__How to complete this task__. Once you find the line with "British Empire and", output it and every line after it exactly, through the last line of the listing, but no pictures.

BEGIN Data for this exercise

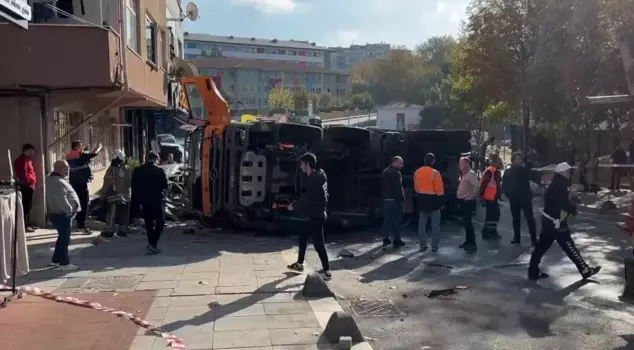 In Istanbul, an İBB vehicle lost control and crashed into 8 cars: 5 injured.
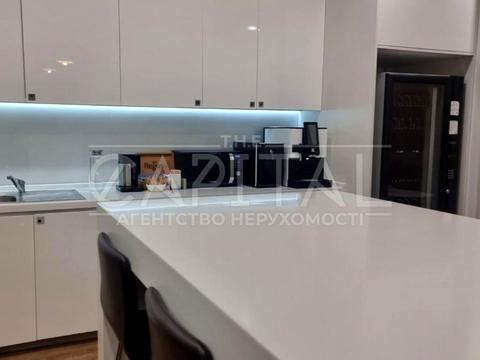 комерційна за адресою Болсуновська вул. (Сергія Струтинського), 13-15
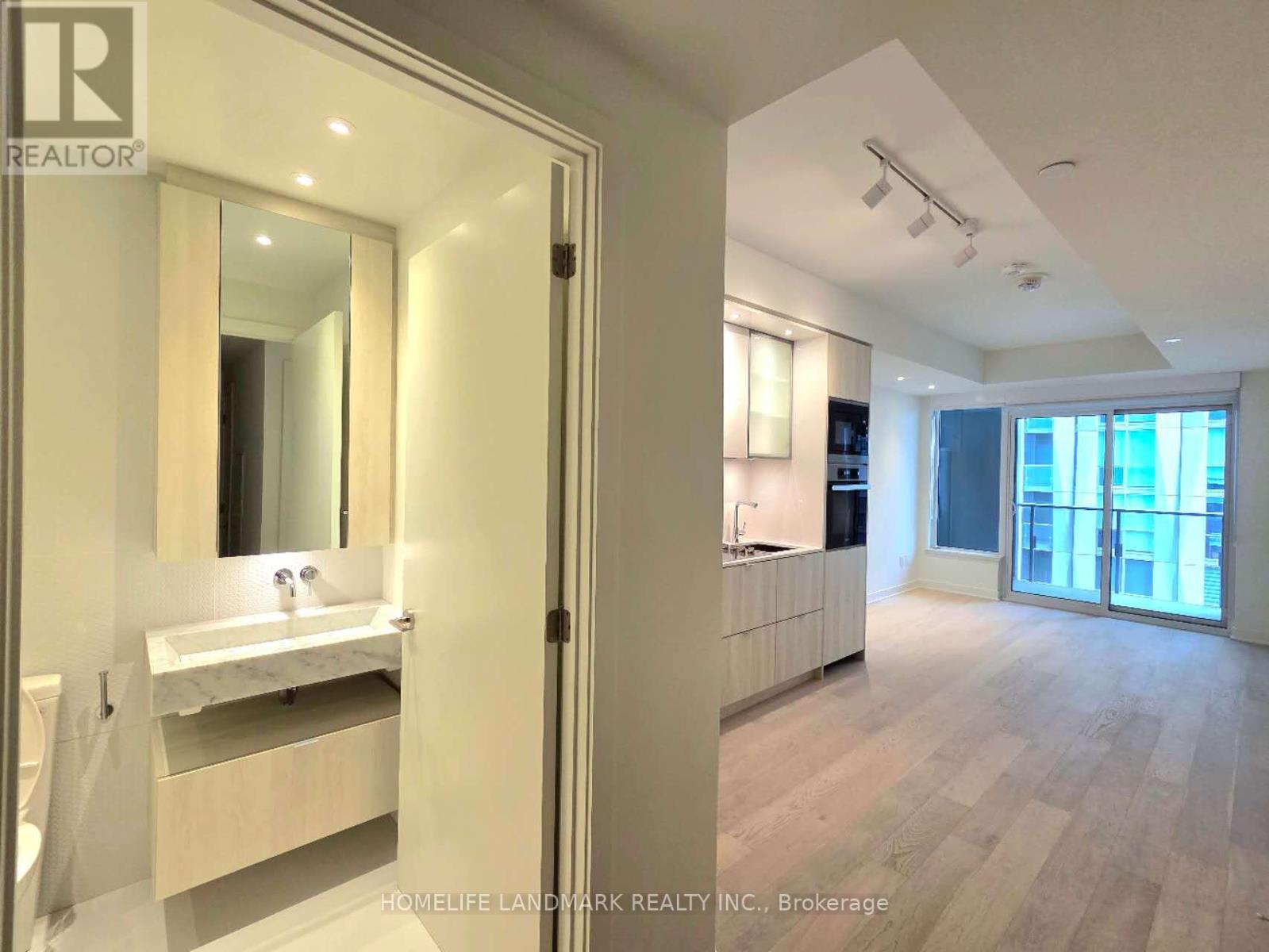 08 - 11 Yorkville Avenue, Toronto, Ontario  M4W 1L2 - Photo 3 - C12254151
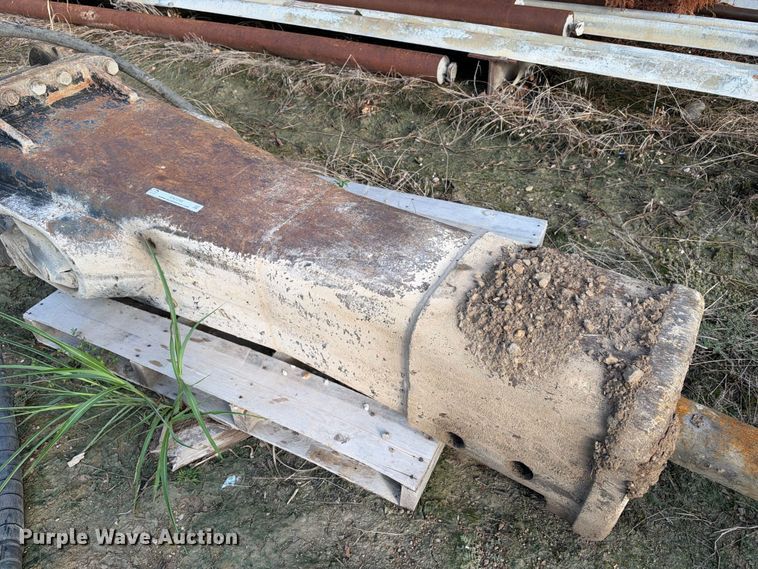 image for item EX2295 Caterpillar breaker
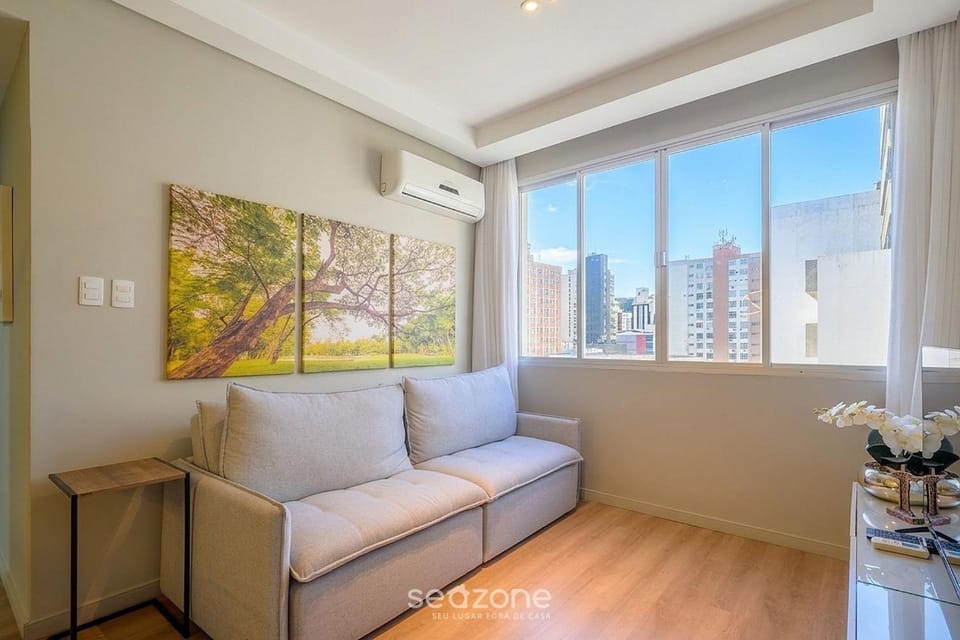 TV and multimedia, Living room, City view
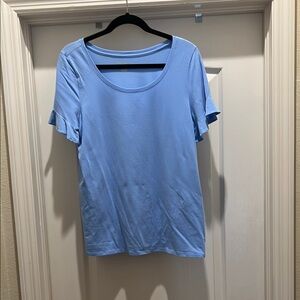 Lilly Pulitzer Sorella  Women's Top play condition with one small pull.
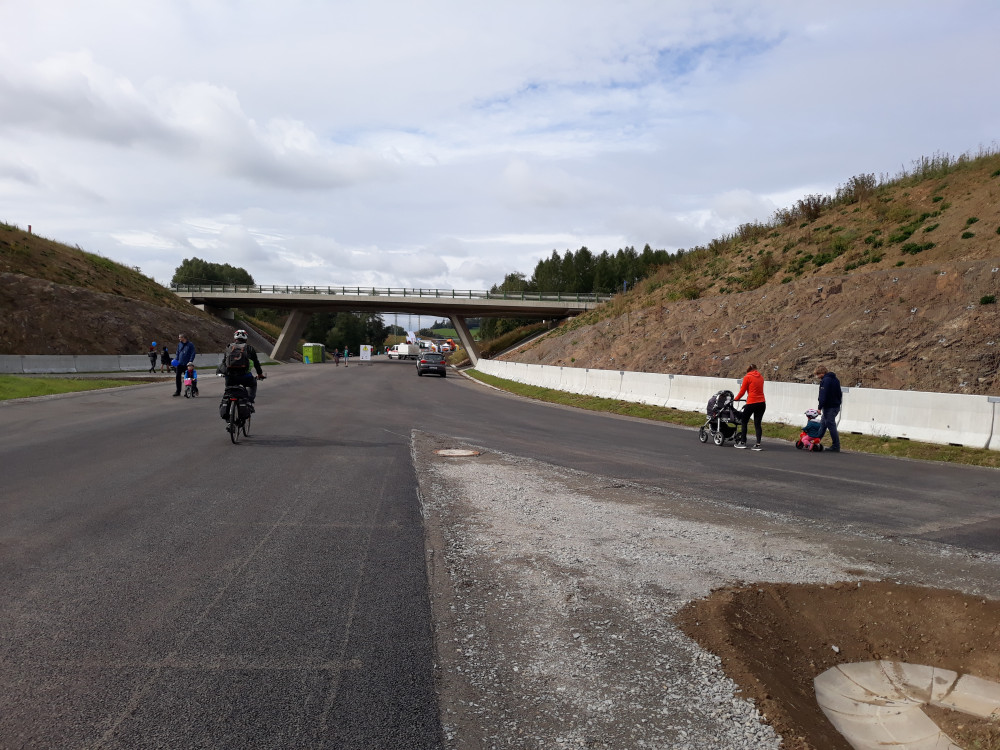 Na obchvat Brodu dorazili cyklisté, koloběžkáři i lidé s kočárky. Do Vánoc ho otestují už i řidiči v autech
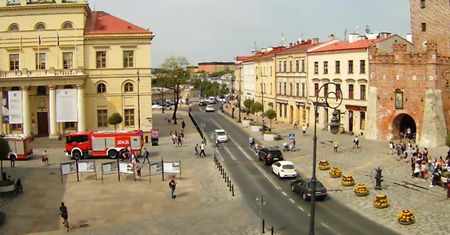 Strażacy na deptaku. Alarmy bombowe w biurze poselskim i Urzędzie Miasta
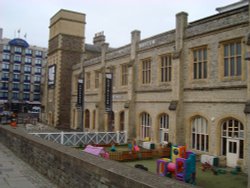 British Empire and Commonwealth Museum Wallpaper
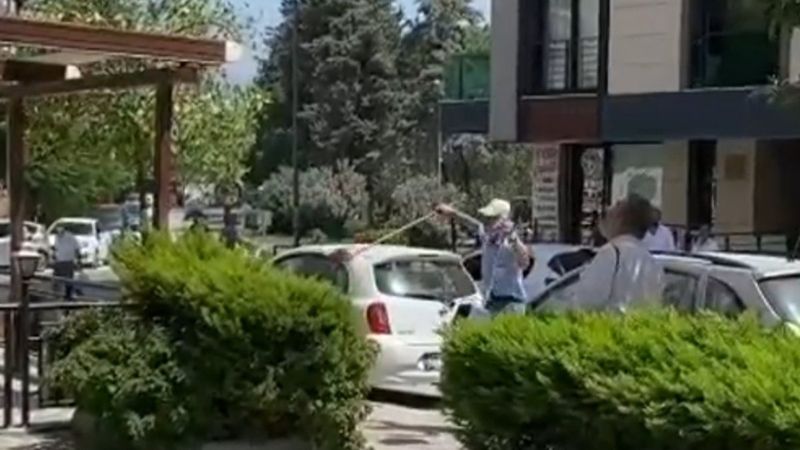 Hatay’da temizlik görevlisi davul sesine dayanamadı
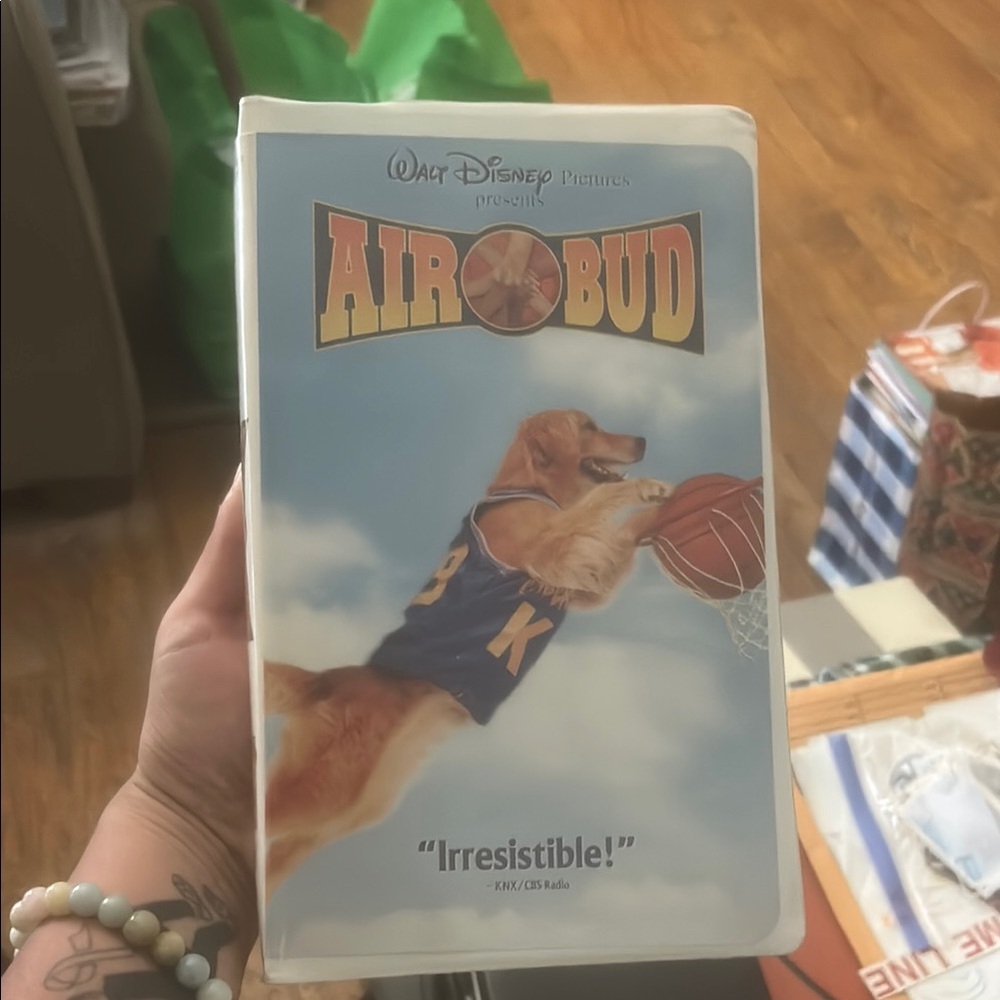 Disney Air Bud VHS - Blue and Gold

END Data for this exercise

__Result__.
 British Empire and Commonwealth Museum Wallpaper
 Hatay’da temizlik görevlisi davul sesine dayanamadı
 Disney Air Bud VHS - Blue and Gold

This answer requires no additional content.